Lisa Kogan
Photo: Michael Edwards
At first, you think every detail will remain forever lodged in your memory. It was a Saturday. I had toast and a tangerine for breakfast. My sweater was cobalt blue. But with time and distance and a perceptive shrink, you begin the arduous process of moving on. You think you'll never forget, but you do—you must.

And still, the dreams come. In them, a kindly old healer—part Jonas Salk, part Jimmy Stewart—hears of my suffering. Tears well in my eyes as he clutches me to his bosom.

"It's been a nightmare for you, hasn't it?" he whispers.

Through tortured sobs, I manage, "Yes. Oh God, yes."

He takes my face in his weathered hands as a mixture of pain and fury clouds his features, and he hurls his wrath to the heavens. "That...butcher!"

This, my friends, is the story of a very, very, very bad haircut.

It all began one mild morning in February when I realized that I was about three and a half weeks past my "delightfully shaggy" look. It was only a matter of days before I'd start bearing an uncanny resemblance to my demented aunt Ida, a woman who spent her final years insisting she once had a "quickie" with the guy from Gunsmoke. I needed to do something, but rather than visit my regular stylist, I opted to save a few bucks and wander into one of those "no appointments necessary" clip joints. The year was 2005. I was 44 years old.

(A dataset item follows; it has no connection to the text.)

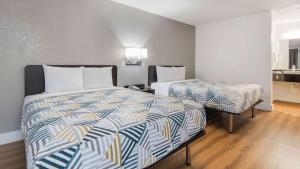 Postel nebo postele na pokoji v ubytování Motel 6-Addison, TX - Dallas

My haircutter—a chain-smoking artiste in white jeans—was named Frawmphh. He said it, he spelled it, I swear I heard Frawmphh. In retrospect, it occurs to me that Frawmphh may not have actually understood a whole lot of English, and that perhaps in the land of Frawmphh's birth, the phrase "Just take an inch or so off the ends" was phonetically indistinguishable from "Please, destroy my life."

Don't panic, I thought. It's only hair, I thought. I'll be fine, I thought. But I wasn't fine. My mojo was shot. And what began as a crummy haircut morphed into a 17-month-long lousy streak. Allow me to share a few highlights...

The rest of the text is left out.